Caption-style text data:
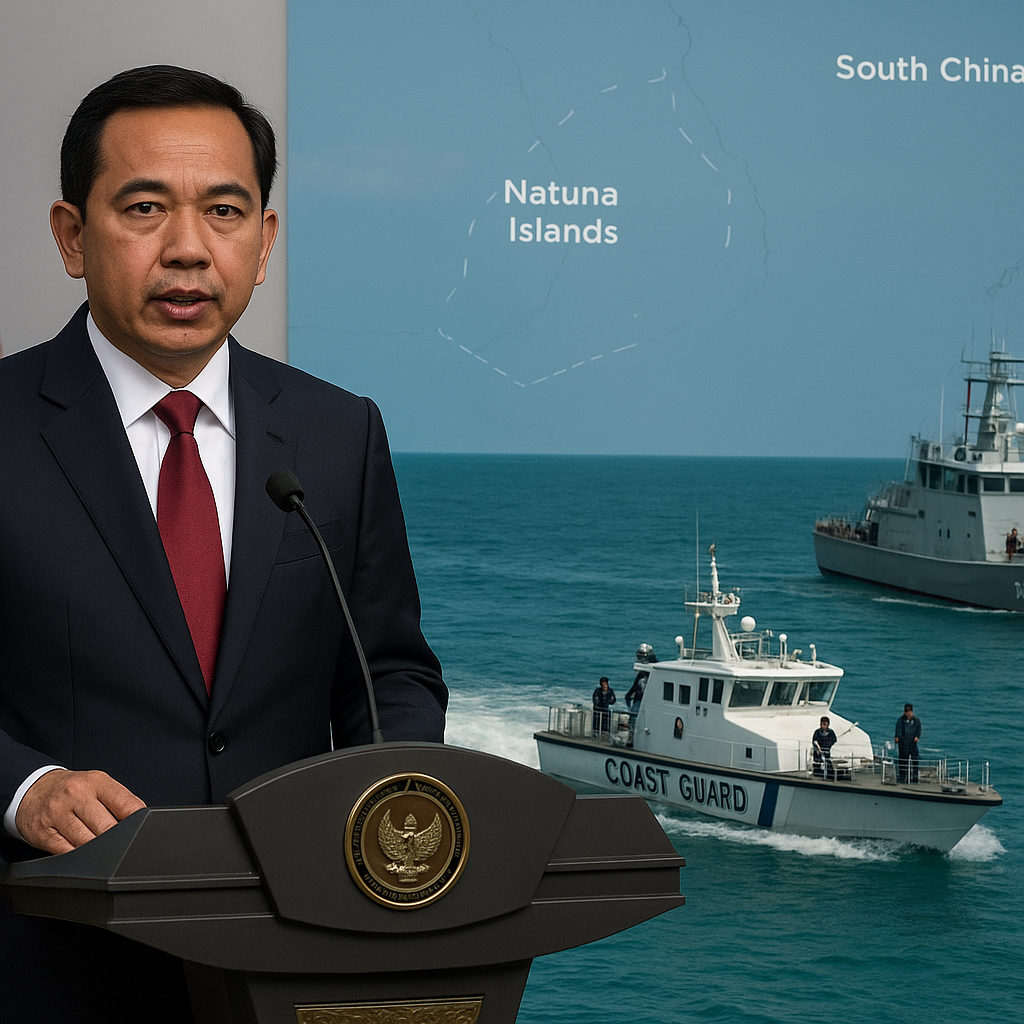 Pernyataan Menhan tentang Keamanan Natuna: Kewenangan Indonesia di ZEE, bukan 'Klaim Sepihak'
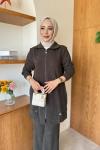 Perihan Tunik Takım  Haki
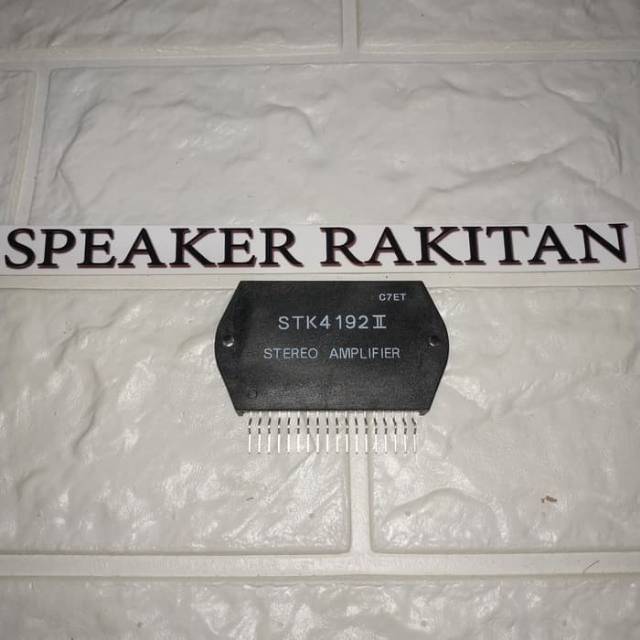IC STK 4192 II original
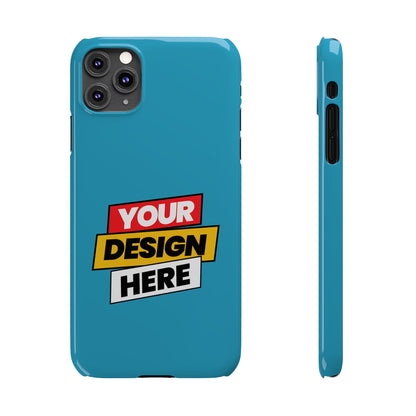 Cool Cat Slim Phone Case, Personalized Gift, Trendy Pet Lover Accessory, Unique Phone Cover, Animal Lover Case, Birthday Present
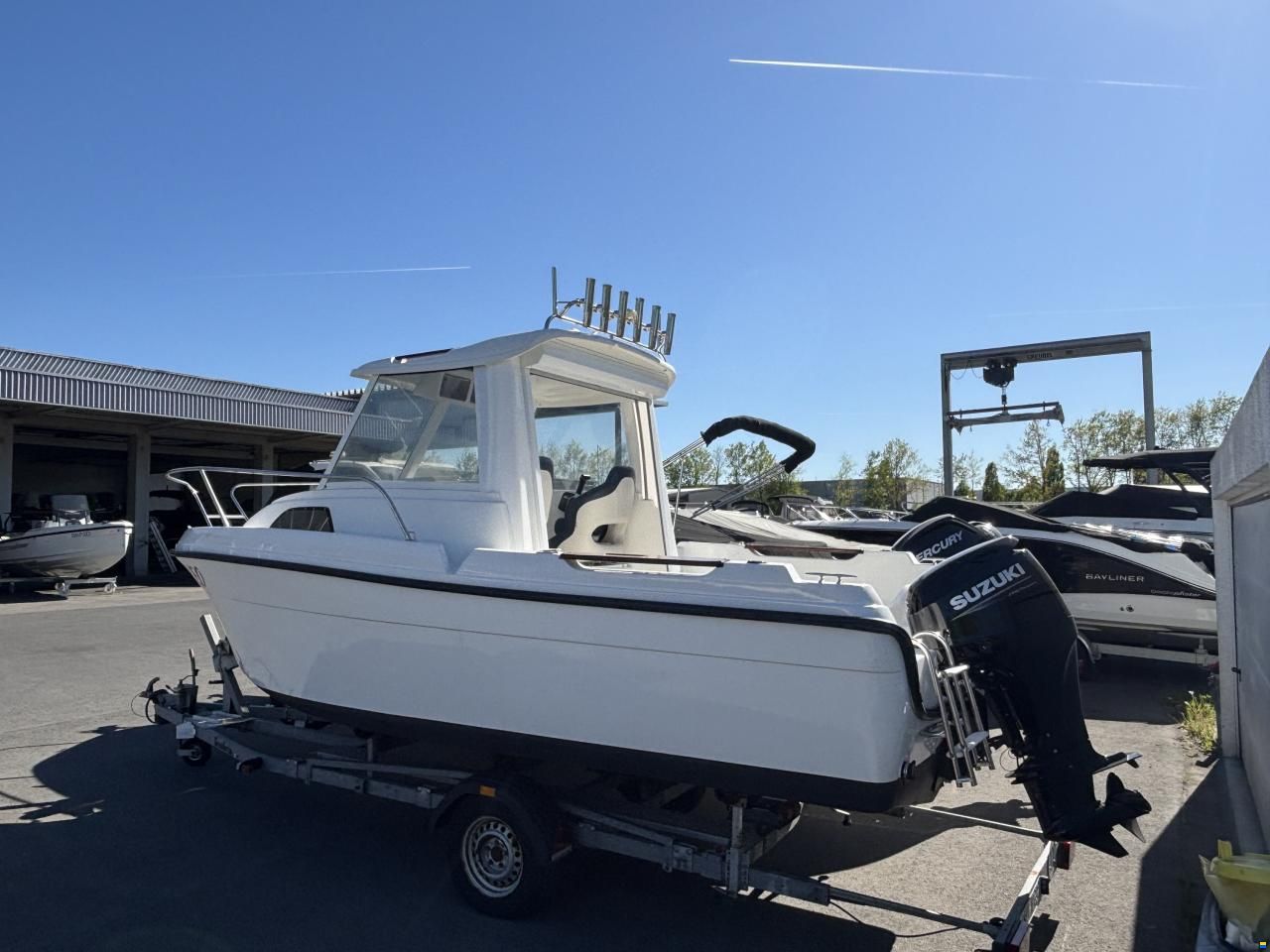Jeanneau Merry Fisher 580 HB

**Action item**
Write out the records in full and exactly, omitting the pictures they hold.

**Solution**
 Pernyataan Menhan tentang Keamanan Natuna: Kewenangan Indonesia di ZEE, bukan 'Klaim Sepihak'
 Perihan Tunik Takım  Haki
IC STK 4192 II original
 Cool Cat Slim Phone Case, Personalized Gift, Trendy Pet Lover Accessory, Unique Phone Cover, Animal Lover Case, Birthday Present
Jeanneau Merry Fisher 580 HB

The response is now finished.